* **REQUIREMENT**:
The answer consists of the lines from the line holding "Bush and Abdullah hold hands" through the last line of the entries, retyped exactly, and nothing else. No pictures belong in it.

[Short web captions]
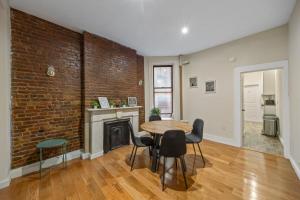 a living room with a brick wall and a table and chairs at Steps from Times Square - Cozy Room - Shared Bath in New York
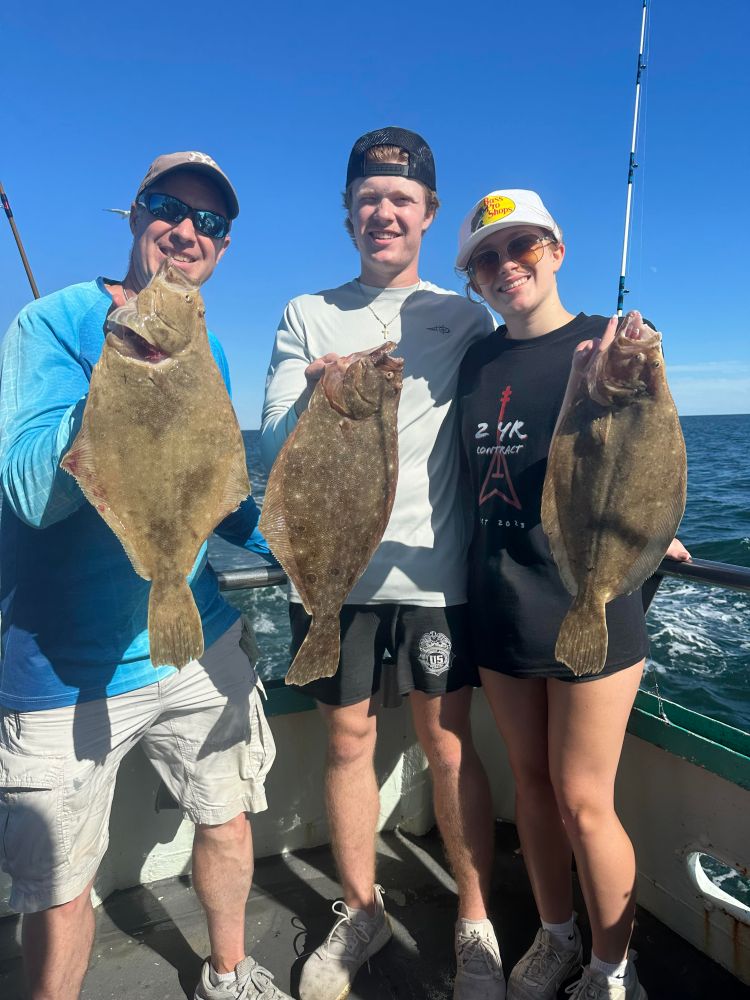 a group of people standing next to a person holding a fish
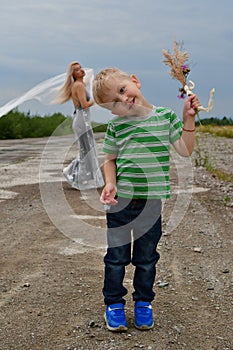 A little boy with his mom`s blonde standing in  field on the runway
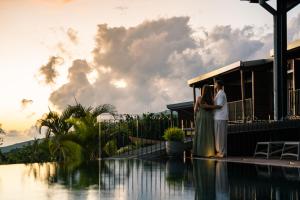a bride and groom standing next to a swimming pool at Hôtel Diana Dea Lodge & SPA in Sainte-Anne-les Hauts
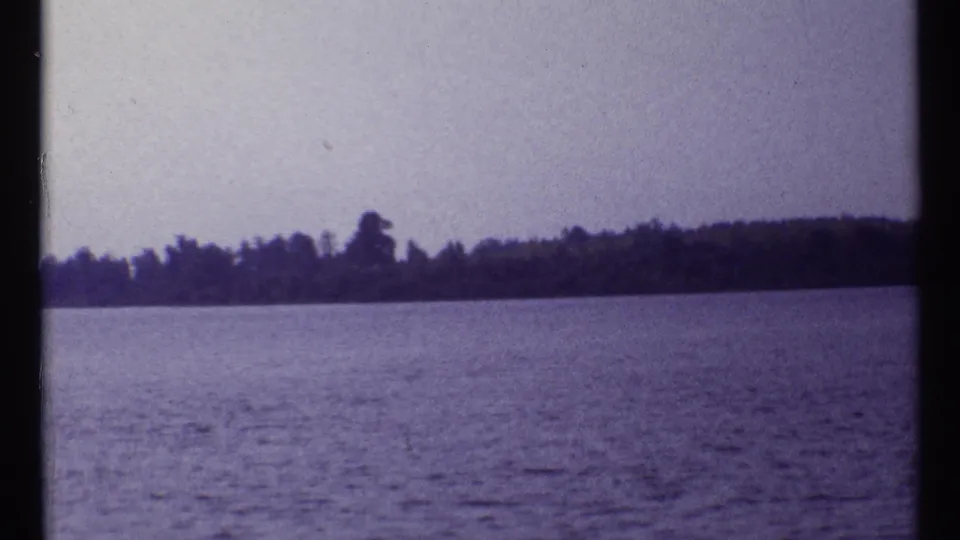 1967 Montreal 8mm frame showing open water, a dark tree-lined shoreline, and pale sky with purple film color cast.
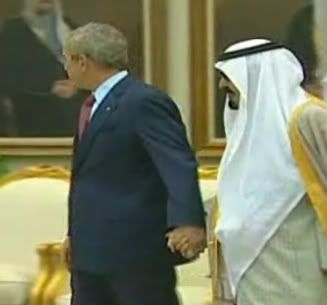 Bush and Abdullah hold hands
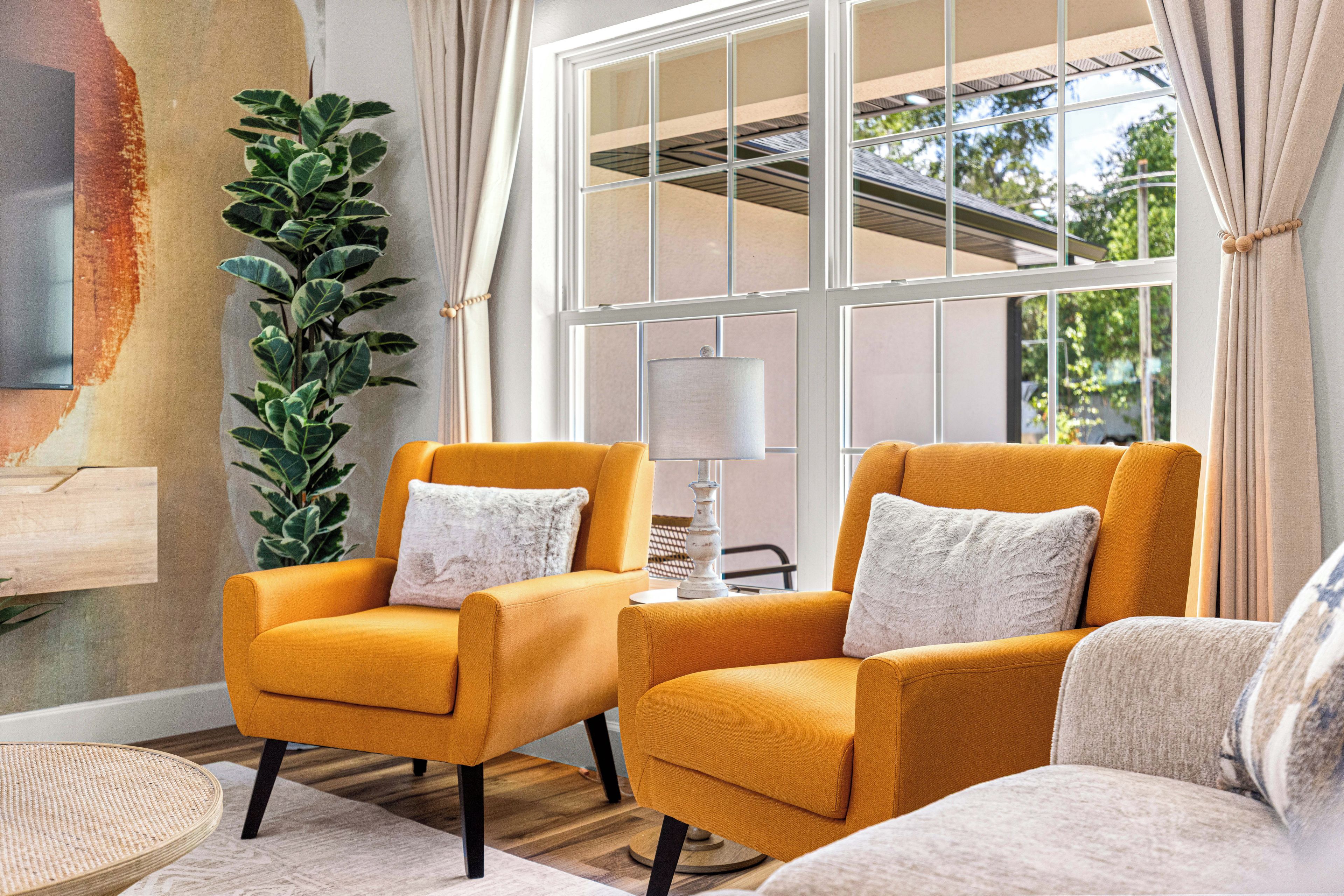 A room with two armchairs, a lamp, a plant, and a large window with curtains.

* **WRITTEN SOLUTION**:
 Bush and Abdullah hold hands
 A room with two armchairs, a lamp, a plant, and a large window with curtains.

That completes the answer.